In the present case the situation is entirely different.
The area acquired is not a small area; it was not developed; may
be it had some advantages; a small portion of the large tract was
abutting the main road; it was also not the case that any smaller
area within the large tract of land acquired was fully developed
having all facilities as in the case of Bhagwathula Samanna
(supra). The appellants herein did not establish that the entire
area of 84 acres of land acquired was fully developed having all
the facilities such as roads, drains, sewers, water, electricity
lines and civic amenities. In order to convert the land into
plots for the purpose of construction of residential and
commercial buildings certain area was to be earmarked for the
abovementioned purposes in accordance with the law governing in
the matter of creating layouts in addition to incurring of
expenditure for the development area. Hence the claim of the
appellants that there should have been no deduction out of the
compensation amount determined for the entire area acquired is
unsustainable.
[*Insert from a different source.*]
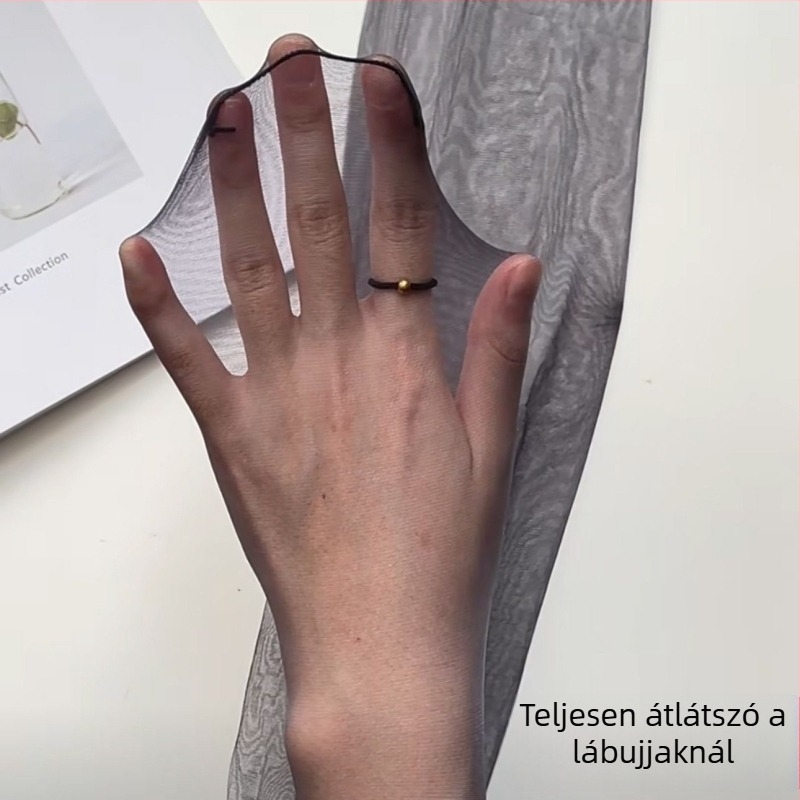 0D ultra vékony, átlátszó fekete harisnyák nőknek, láthatatlan lábujjakkal és T-dizájnnal, nude árnyalat, plusz méret, bőrsimító hatás klubokhoz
May be the acquired land with potentiality for
construction of residential and commercial buildings had some
advantages, which aspect is taken note of by the High Court in
giving cut of only 20% as against 1/3 normal deduction.
We do not find any force in the contention that the HUDA has
made unjust enrichment by collecting more money from the allottees
after the compensation amount was enhanced by the District Judge
and that neither the State nor the HUDA will be put to any loss as
they have collected money from the allottees. It is not the case
where collection of any tax is involved to bring in the theory of
unjust enrichment. Be that as it may, we are not concerned in
these cases as to what happened between the HUDA and the
allottees. The question for consideration is as to the
determination of amount of compensation for the acquired land.
Once the proper amount of compensation is finally determined, the
land owners will be entitled only to that amount.
Having regard to all these aspects, we find no merit in
these appeals. Hence, the appeals as well as the special leave
petitions are dismissed. Parties to bear their own costs.